Recent resistance and identity literature highlights the mutually constitutive relationship between power and subjectivity (Boussebaa and Brown, 2017; Thomas, 2009). Identity is self and socially crafted ‘within a field of power and meaning’ (Davies Thomas, 2003: 684). While attempting to open spaces for or create new subjectivities, actors are subject to multiple shaping forms (Kuhn, 2006) and must subvert dominant attempts at categorization (Davies Thomas, 2003). In these instances, actors’ subjective resistance might entail facing significant pushback from powerful actors. The question becomes, ‘What happens to identity work when resistance prompts identity consequences?’ We suggest that an important phenomenon to investigate this issue, considering the centrality of the critique of dominant identities, is disidentification.
Disidentification as ‘espresso’ resistance
One form of resistance in the identity literature was based on disidentification studies (Elsbach and Bhattacharya, 2001; Humphreys and Brown, 2002; Kreiner and Ashforth, 2004). Disidentification is ‘when an individual defines him or herself as not having the same attributes or principles that he or she believes define [a social group]’ (Kreiner and Ashforth, 2004: 3).

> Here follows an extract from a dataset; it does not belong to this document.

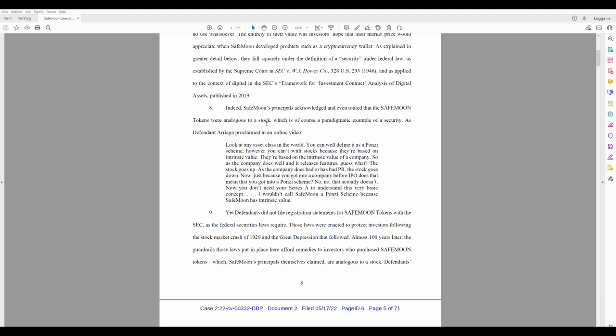Now you don't need your Series A to understand this very basic concept. I wouldn't call SafeMoon a Ponzi scheme because SafeMoon has intrinsic value. Maybe to the SafeMoon army who's 90% down from their initial investments. They should also get into on this lawsuit. Like every single SafeMoon army person or SafeMoon family, whatever you want to call yourself, should get in on this lawsuit and sue SafeMoon.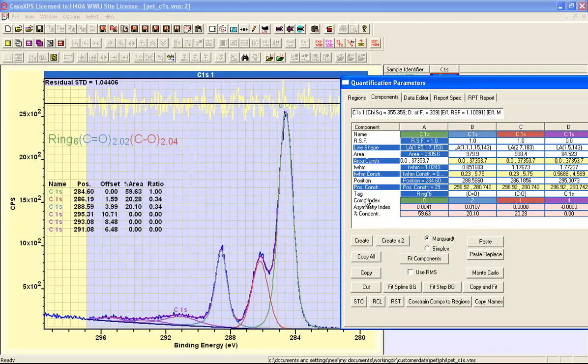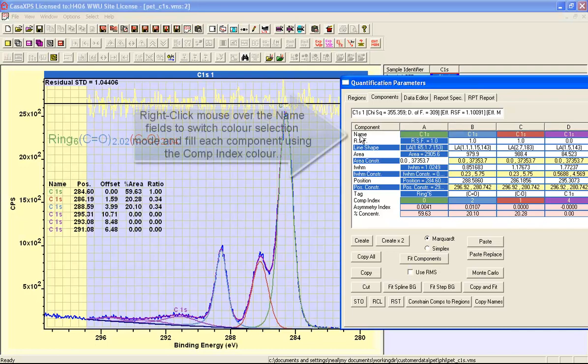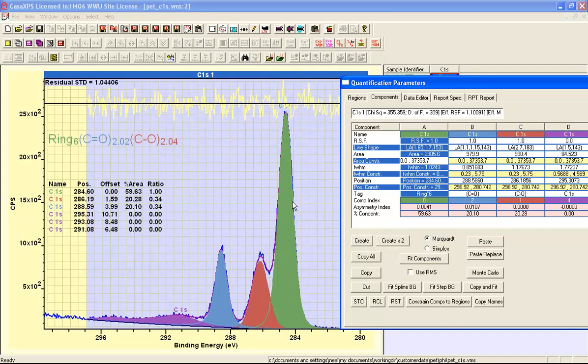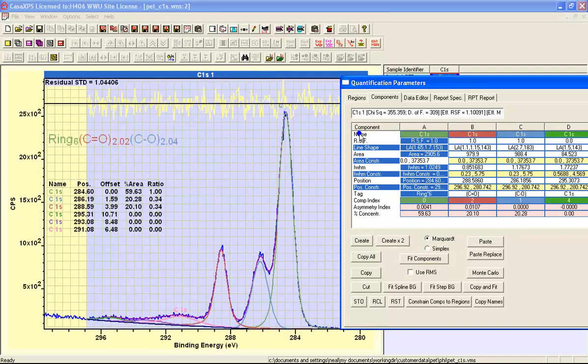There's another option associated with the name field that if I right click here then not only are the colors switched but the display is such that the components are now filled using the colors. If I click a second time then the display goes back to the state where the components are not filled.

As with other forms of resistance, disidentification is based on the perception of an identity threat, but, in this case, the action-provoking anxiety or insecurity is based on a mismatch between our subjectivity and that proposed by the social group.
Although Holmer-Nadesan (1996) originally suggested that ‘dis-identification does not involve a conscious rejection’ (p. 50), further research (Elsbach and Bhattacharya, 2001; Humphreys and Brown, 2002; Kreiner and Ashforth, 2004; Ross, 2002) established that it implies both a ‘cognitive separation’, where we separate our identity from the group and its values, and ‘negative relationship’, where we engage in actions and criticism against the disidentified group. In general, there is a need for a form of (dis)identity work, for example, being vocal about a group’s unacceptable aspects, to establish separation and differentiation between identities (Kreiner and Ashforth, 2004; Ross, 2002).

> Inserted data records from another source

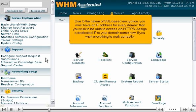Due to the nature of SSL-based encryption, you must have an IP address for every domain that you wish to be able to access via HTTPS. Assign a dedicated IP to your domain name now if you want everything to work correctly.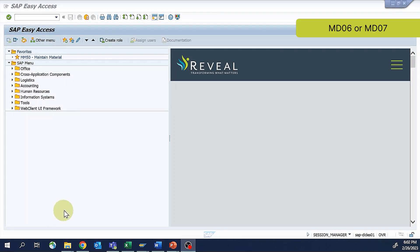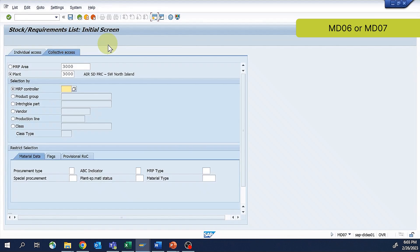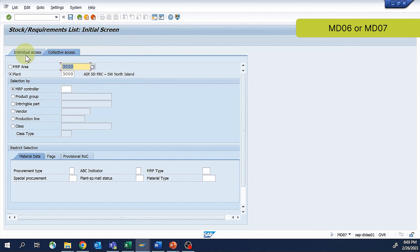So we'll go in and take a look at this today through MD07. I could also look at my business of the day if I'm on ECC or running standard MRP versus MRP live in MD06. I'm just going to go ahead and pull up one of our plants here and take a look.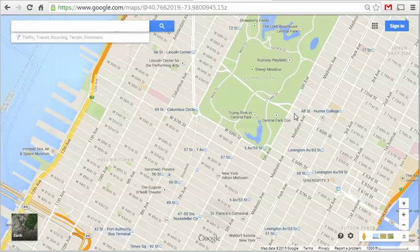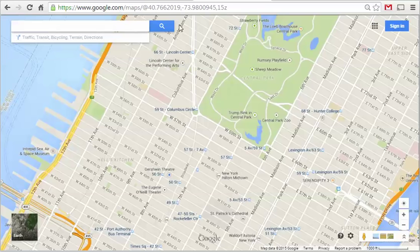Google Maps is an international product meant to be used by people all over the world, and you can actually tailor it to see how it's meant to be seen in certain localities. For example, here's a view of New York City as seen from the default United States version, which is google.com/maps.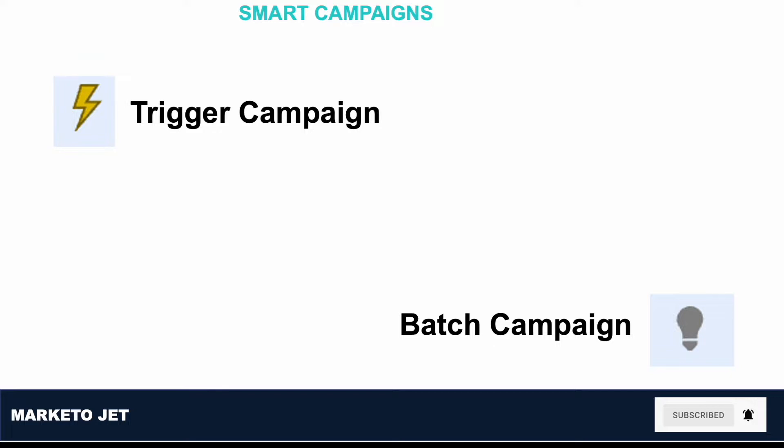On the other hand, a Batch campaign launches at a specific time and affects only a specific set of people all at once. An example would be sending an email to all people in California. You will set up a Batch campaign that will find all the people living in California and send that particular email to everybody who qualifies for that criteria at once, as compared to a Trigger campaign that will only send an email to one particular person at a time.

Most critical studies of disidentification focus on the role of cognitive distancing where—through acts of parody, cynicism, and so on—individuals’ ‘front-stage selves are detached from back-stage feelings, thoughts and attitudes’ (Costas and Fleming, 2009: 356). Through disidentification, actors engage critically and distance themselves from the subject position offered by social groups (Thomas, 2009). However, according to many authors (Costas and Fleming, 2009), this form of disidentification is a ‘decaf resistance’ (Contu, 2008) that ‘provides a fantasy of the autonomous subject who still, nevertheless, complies with the demands of the organization’ (Thomas, 2009: 174).
We would like to suggest, however, that disidentification can have an important ‘espresso’ element of resistance that comes from the actual consequences of distancing and criticizing a powerful social group. In the identity literature, there is a central emphasis on ‘the study of the complex interweaving of identification and dis-identification’ (Thomas, 2009: 175). In general, there is the basic assumption that after disidentifying, individuals can attach themselves to a fully formed previous identity source, either within themselves (Costas and Fleming, 2009) or from other groups.
From our perspective, the taken-for-granted premise of the ready-to-wear identification source explains the lack of attention to problems that individuals may incur when disidentifying. Costas and Fleming (2009) stand as an important exception, with their analysis of consultant work showing individuals’ struggle with problematic self-identities when disidentifying from ‘bogus identities exhorted by management’ (p. 355). While the authors suggest inner consequences based on inadequate identification, our study focuses on the disidentification costs of openly criticizing and opposing a powerful professional identity without a backup identification source.
Most studies focus on workers’ disidentification from their organizations (Thomas, 2009), but the focus can be any social group with which individual actors have a relationship (as employees, members, customers, etc.; Elsbach and Bhattacharya, 2001). In our study, we focus on disidentification from a professional group—Brazilian traditional journalists—represented customarily by the mainstream press. Professional identities are a strong regulation force against which disidentification may be particularly problematic.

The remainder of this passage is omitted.